Astronomy and Astrophysics, volume 413, 711-723 (2004/1-2)
Tests of stellar model atmospheres by optical interferometry. VLTI/VINCI limb-darkening measurements of the M4 giant ψ Phe.
WITTKOWSKI M., AUFDENBERG J.P. and KERVELLA P.
Abstract (from CDS):
We present K-band interferometric measurements of the limb-darkened (LD) intensity profile of the M4 giant star ψPhoenicis obtained with the Very Large Telescope Interferometer (VLTI) and its commissioning instrument VINCI. High-precision squared visibility amplitudes in the second lobe of the visibility function were obtained employing two 8.2m Unit Telescopes (UTs). This took place one month after light from UTs was first combined for interferometric fringes. In addition, we sampled the visibility function at small spatial frequencies using the 40cm test siderostats. Our measurement constrains the diameter of the star as well as its center-to-limb intensity variation (CLV). We construct a spherical hydrostatic PHOENIX model atmosphere based on spectrophotometric data from the literature and compare its CLV prediction with our interferometric measurement.

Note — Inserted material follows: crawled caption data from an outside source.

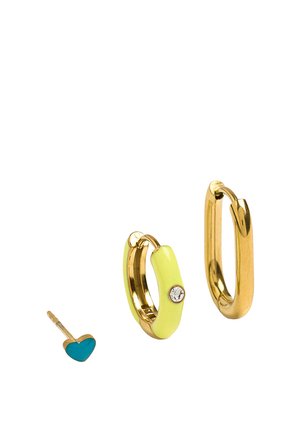 Złote kolczyki koła, z których jeden ozdobiony jest żółtą emalią i małym przezroczystym kamieniem, obok małego złotego kolczyka z niebieskim sercowatym wierzchołkiem.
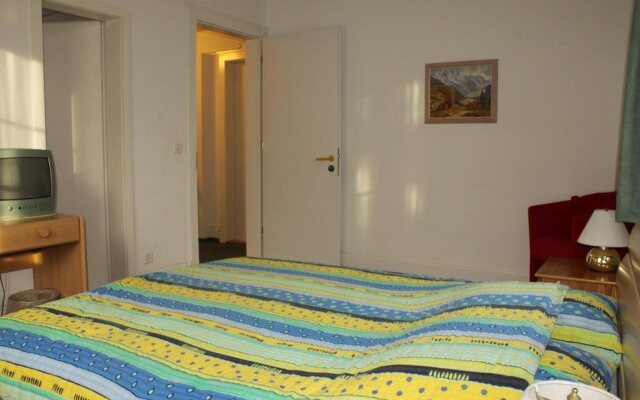 Adventure Guesthouse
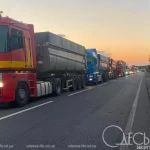 На трасі Одеса—Рені стоїть багатокілометровий затор — що відбувається на мосту в Маяках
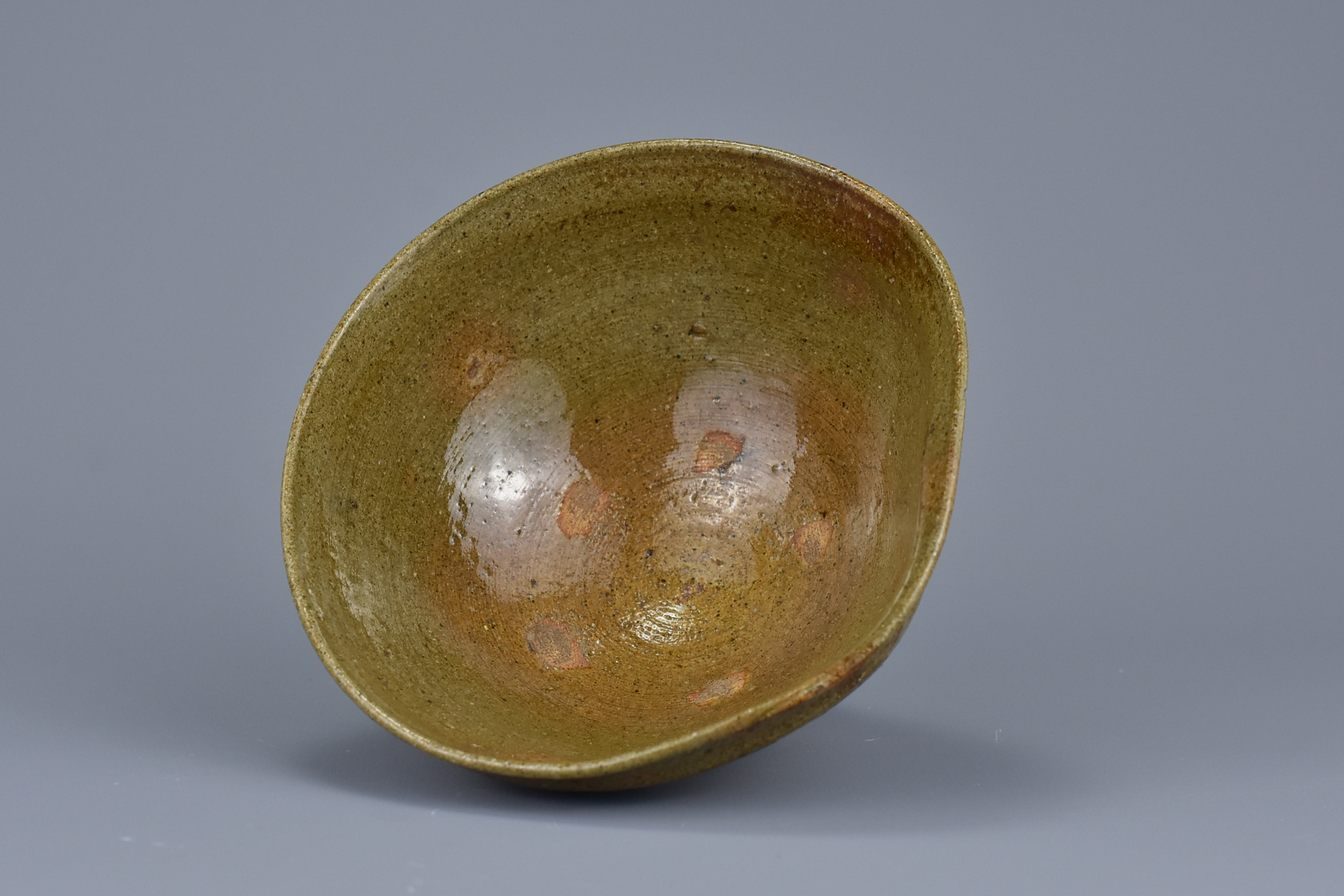 A Japanese or Korean Glazed Stoneware Bowl of Conical Form, 19th Century - Image 7 of 7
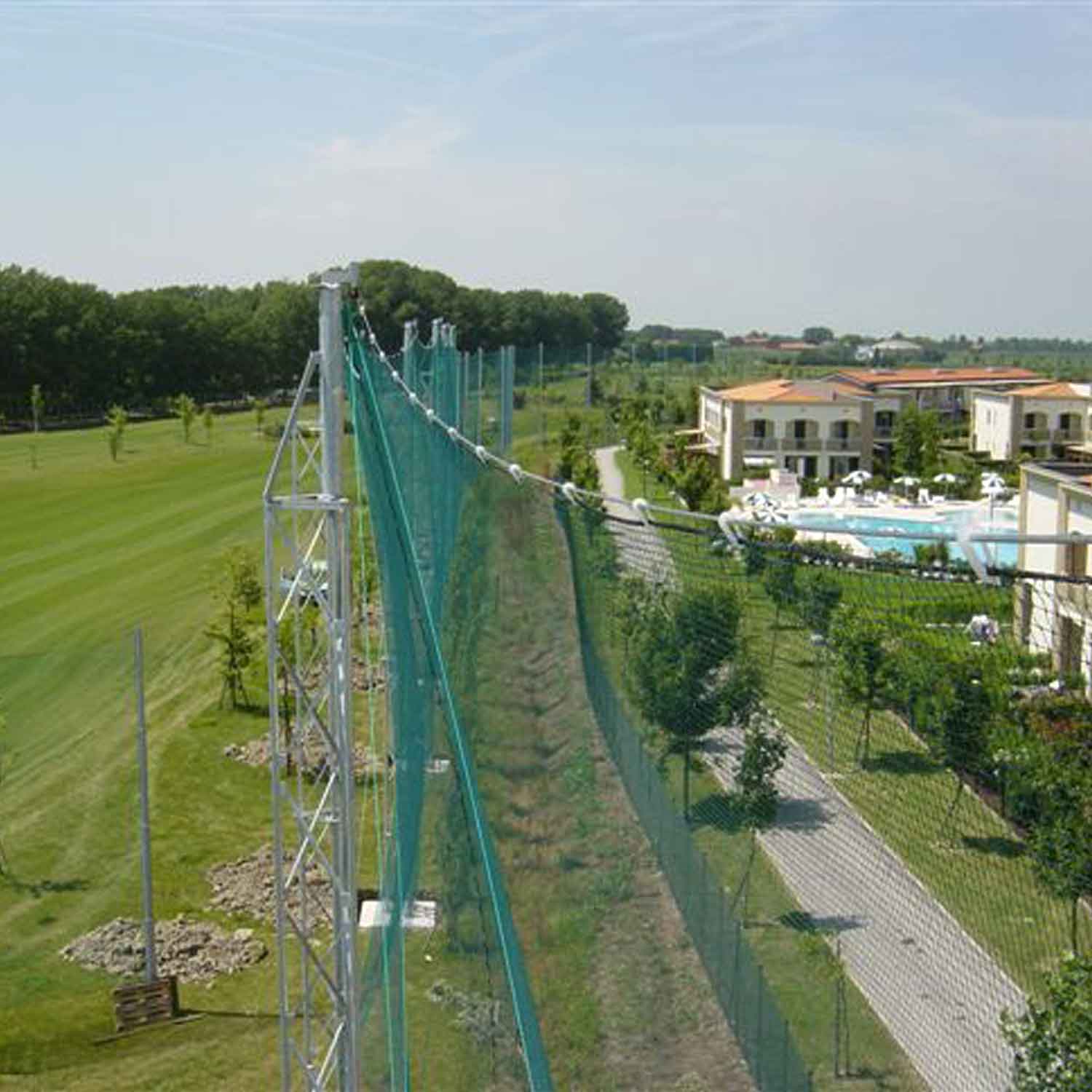 Fence nets for golf courses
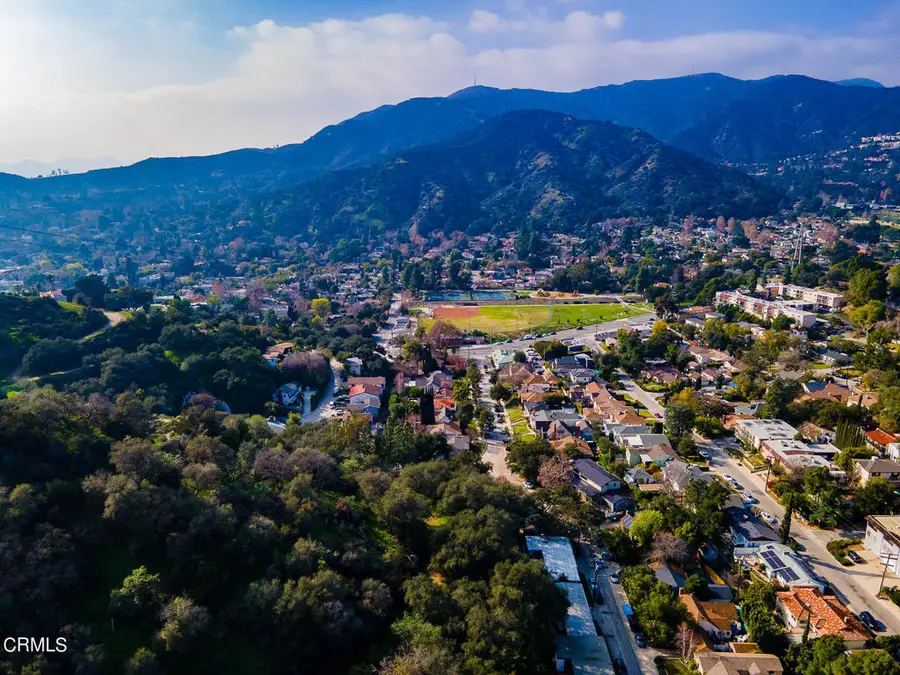 2 Vista Del Verde Drive, Glendale, CA 91208 - Image #2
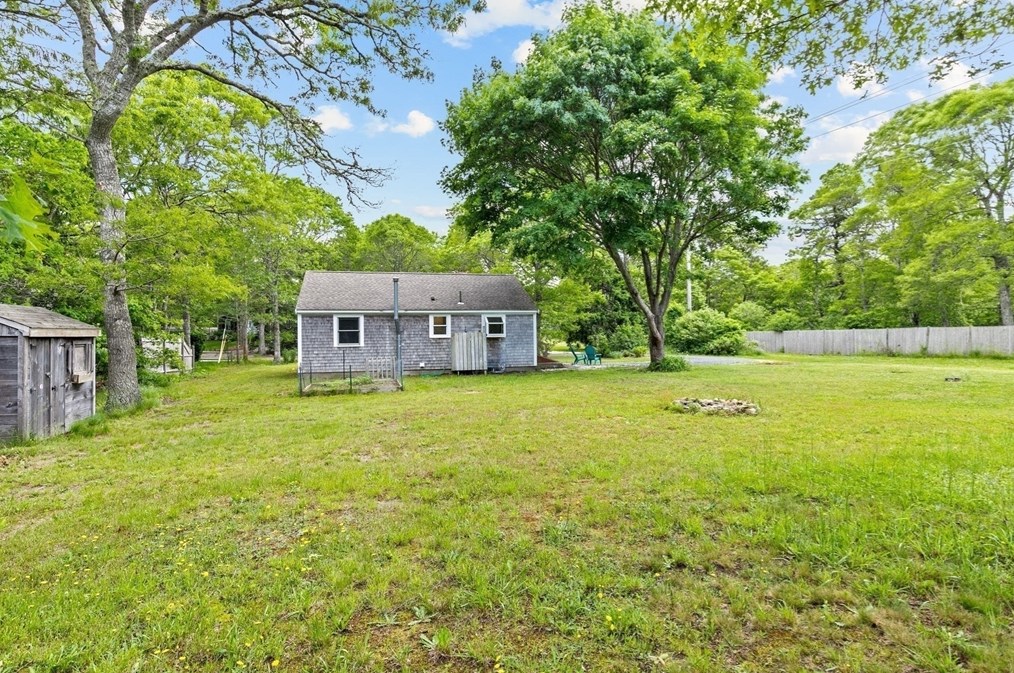 11 Brothers Ln, Harwich MA 02645-1509 exterior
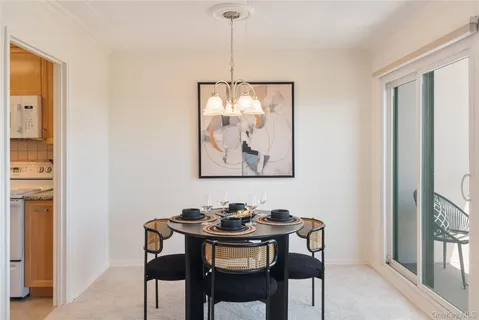 $410,000 | 500 High Point Drive, Unit 707, Hartsdale, NY 10530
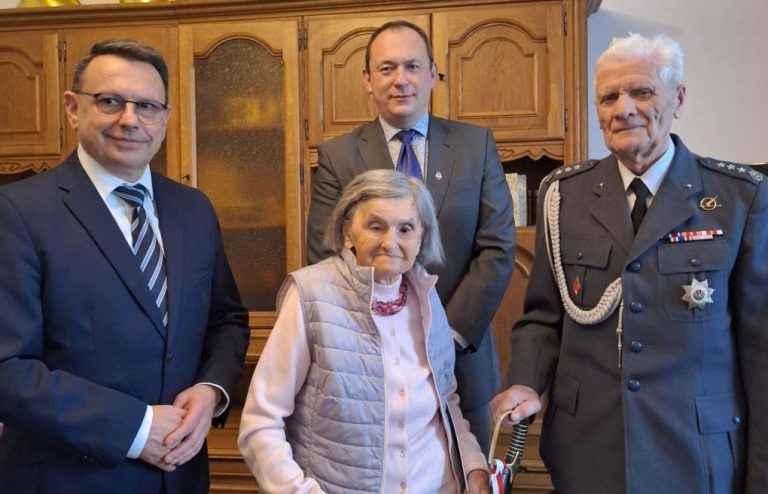 STULETNIA „PEONIA”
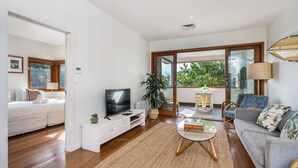 Living area - A PERFECT STAY - Quiksilver Apartments (Byron Bay)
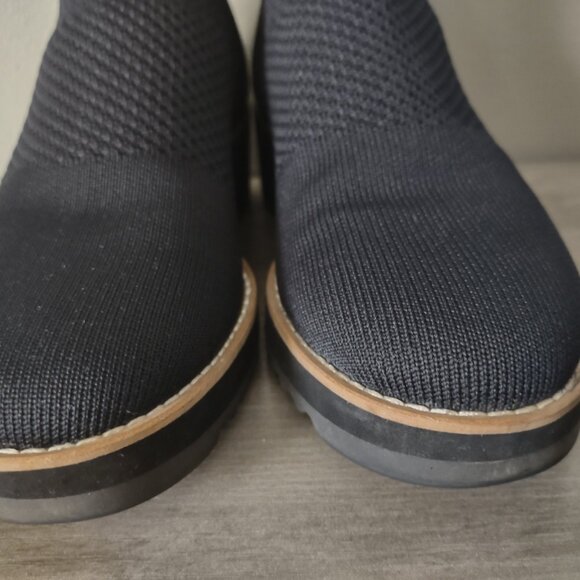 Eileen Fisher - black low wedge ankle boots booties - EUC - size 8.5 - Picture 4 of 7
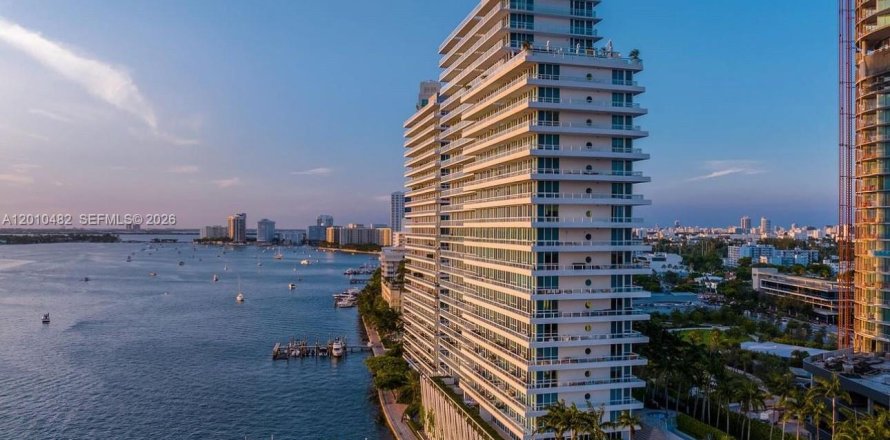 Condo in Miami Beach, Florida, 1 bedroom № 2075240
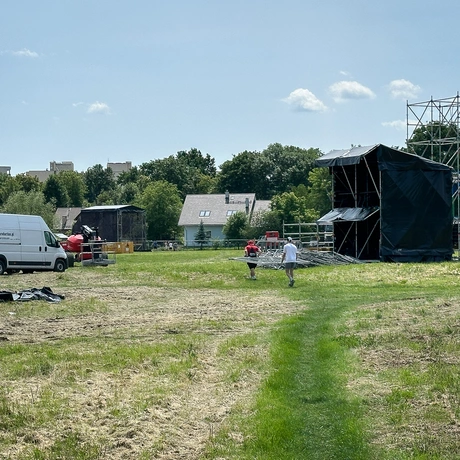 Rzeszów - KultURalia 2025. Budowa miasteczka studenckiego i wielkiej sceny koncertowej - fot 4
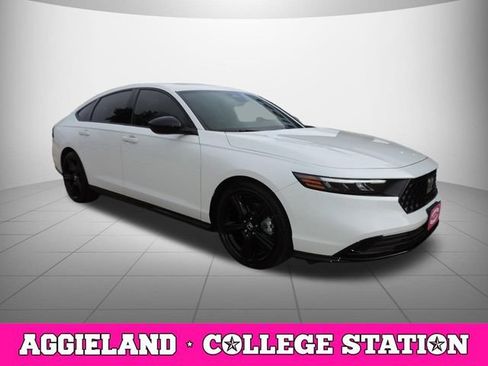Used 2025 Honda Accord Sport image 3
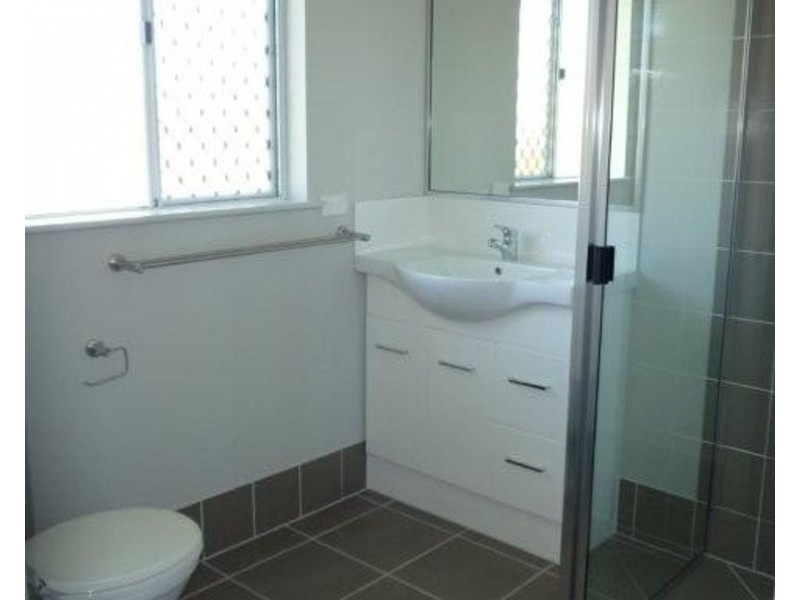 8 Totley Chase, Trinity Park QLD 4879
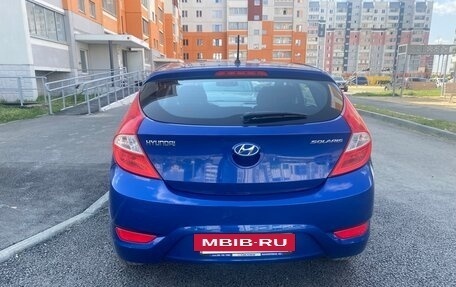 Hyundai Solaris II рестайлинг, 2013 год, 900 000 рублей, 3 фотография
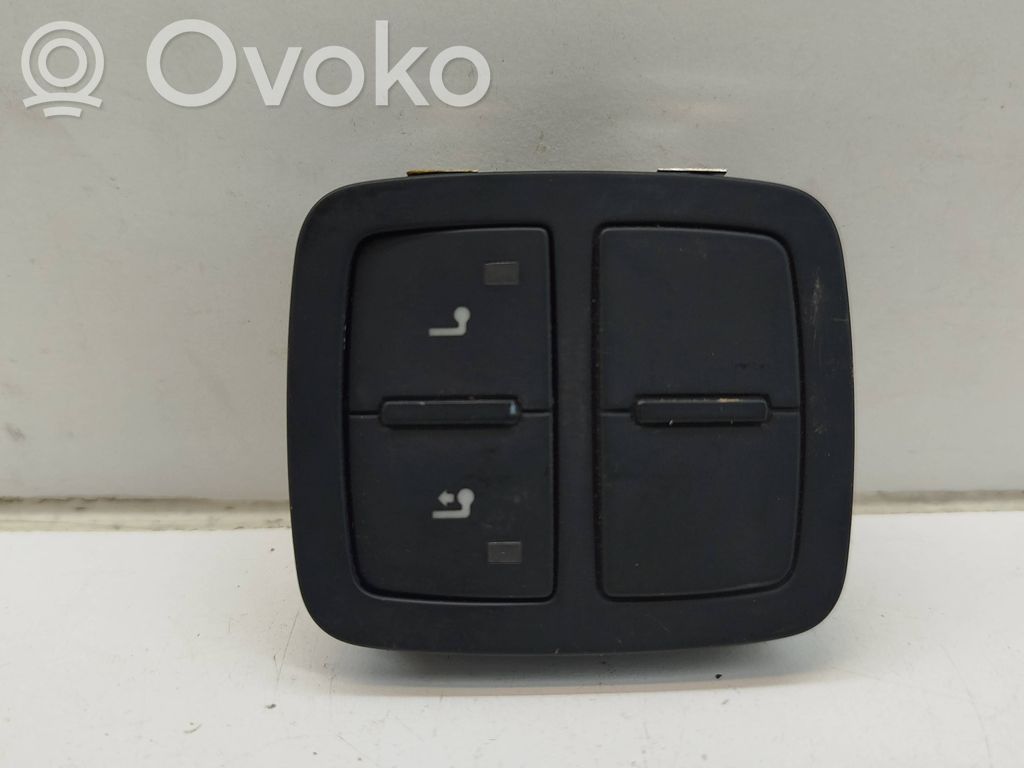 Audi A8 S8 D4 4H Przycisk chowanego haka holowniczego 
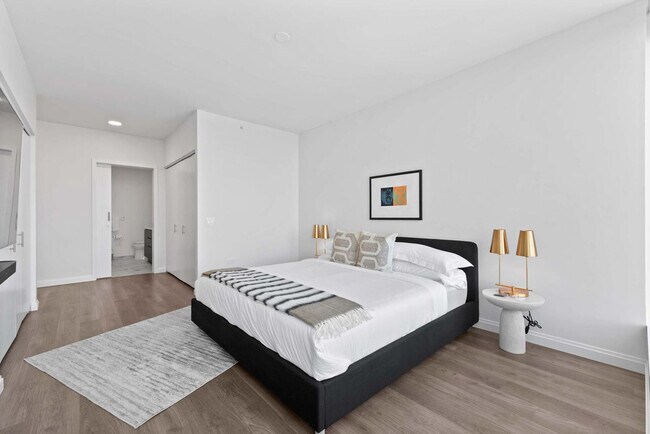 Building Photo - 1000 S Michigan Ave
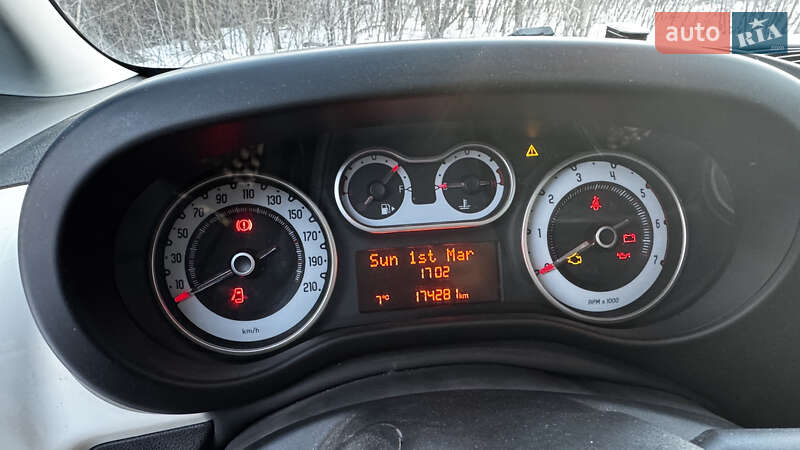 Хэтчбек Fiat 500L 2012 в Каневе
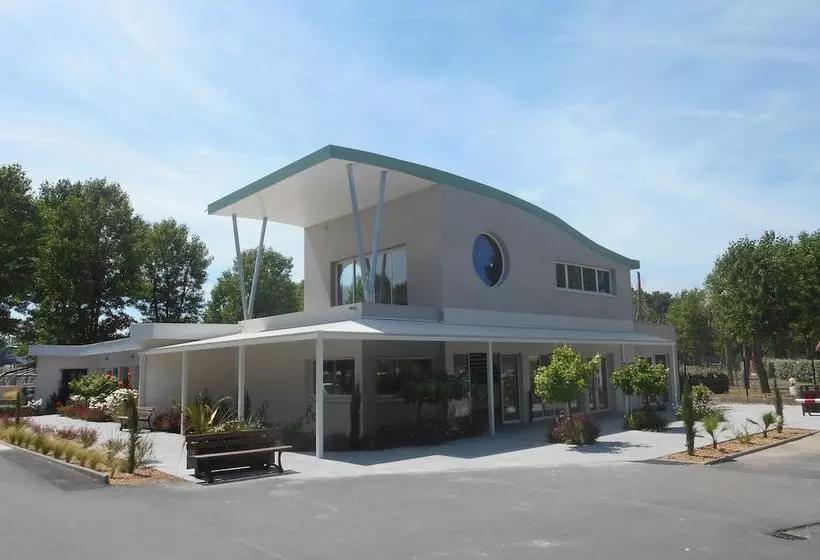 Hotelli Camping La Yole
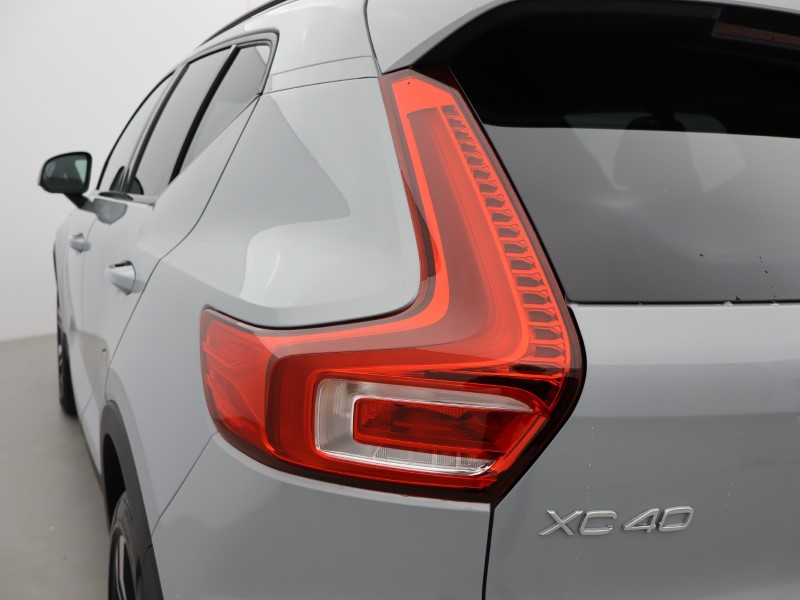 2025 (75) VOLVO XC40 2.0 B4P Ultra Dark 5dr Auto *VAT QUALIFYING* 5144747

We compare as well CLV predictions by plane-parallel hydrostatic PHOENIX, ATLAS9, and ATLAS12 models. We find that the Rosseland angular diameter as predicted by comparison of the spherical PHOENIX model with spectrophotometry is in good agreement with our interferometric diameter measurement. The shape of our measured visibility function in the second lobe is consistent with all considered PHOENIX and ATLAS model predictions, and is significantly different to uniform disk (UD) and fully darkened disk (FDD) models. We derive high-precision fundamental parameters for ψPhe, namely a Rosseland angular diameter of 8.13±0.2mas, with the Hipparcos parallax corresponding to a Rosseland linear radius R of 86±3R☉, and an effective temperature of 3550±50K, with R corresponding to a luminosity of logL/L☉=3.02±0.06. Together with evolutionary models, these values are consistent with a mass of 1.3±0.2M☉, and a surface gravity of logg=0.68±0.11.